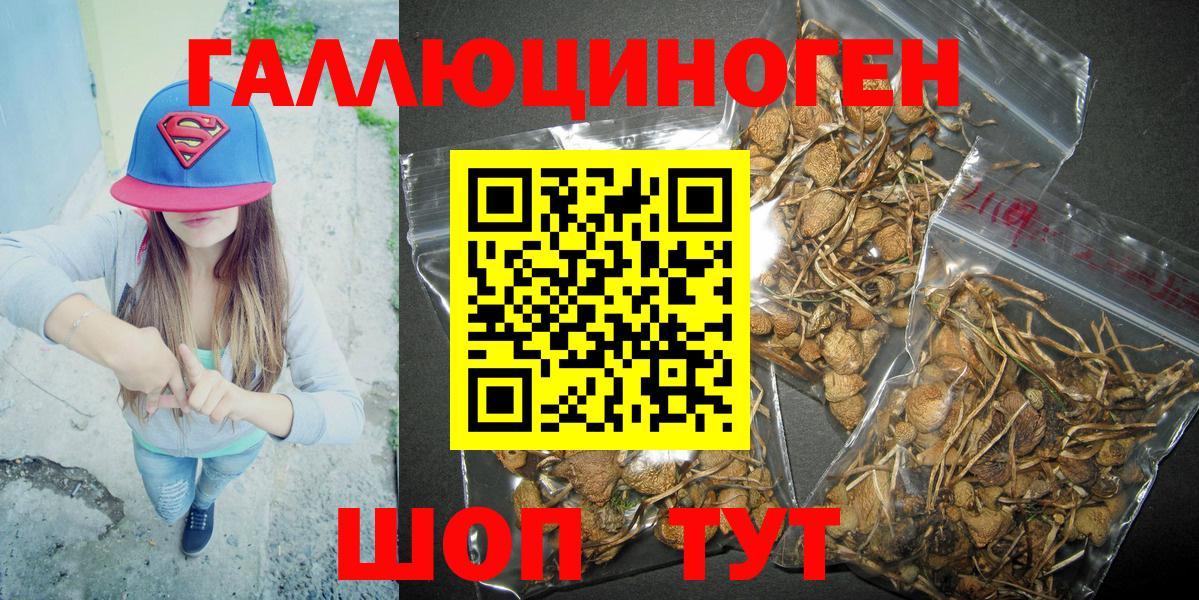 Псилоцибиновые грибы Psilocybe  Вход с VPN  купить наркотик  Новороссийск 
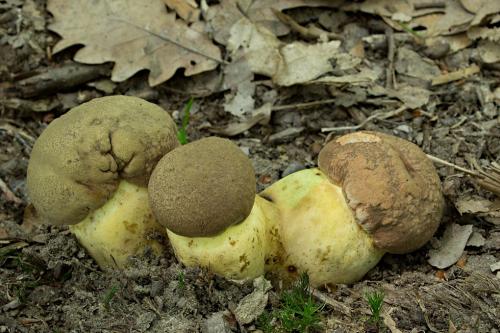 hríb príveskatý / hřib přívěstkatý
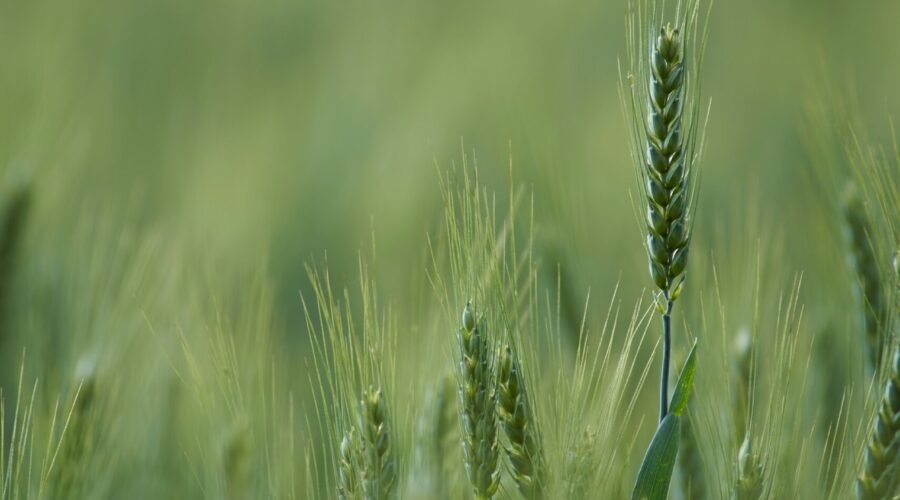 Laborers For The Harvest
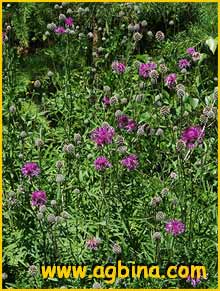    ( Centaurea scabiosifolia )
◆ ◆ ◆ ◆ ◆
* Directions for this task *
Word for word, retype the lines from the one that contains "hríb príveskatý / hřib přívěstkatý" through the final line of the data, both ends included, excluding pictures.

* Result for this exercise *
 hríb príveskatý / hřib přívěstkatý
 Laborers For The Harvest
    ( Centaurea scabiosifolia )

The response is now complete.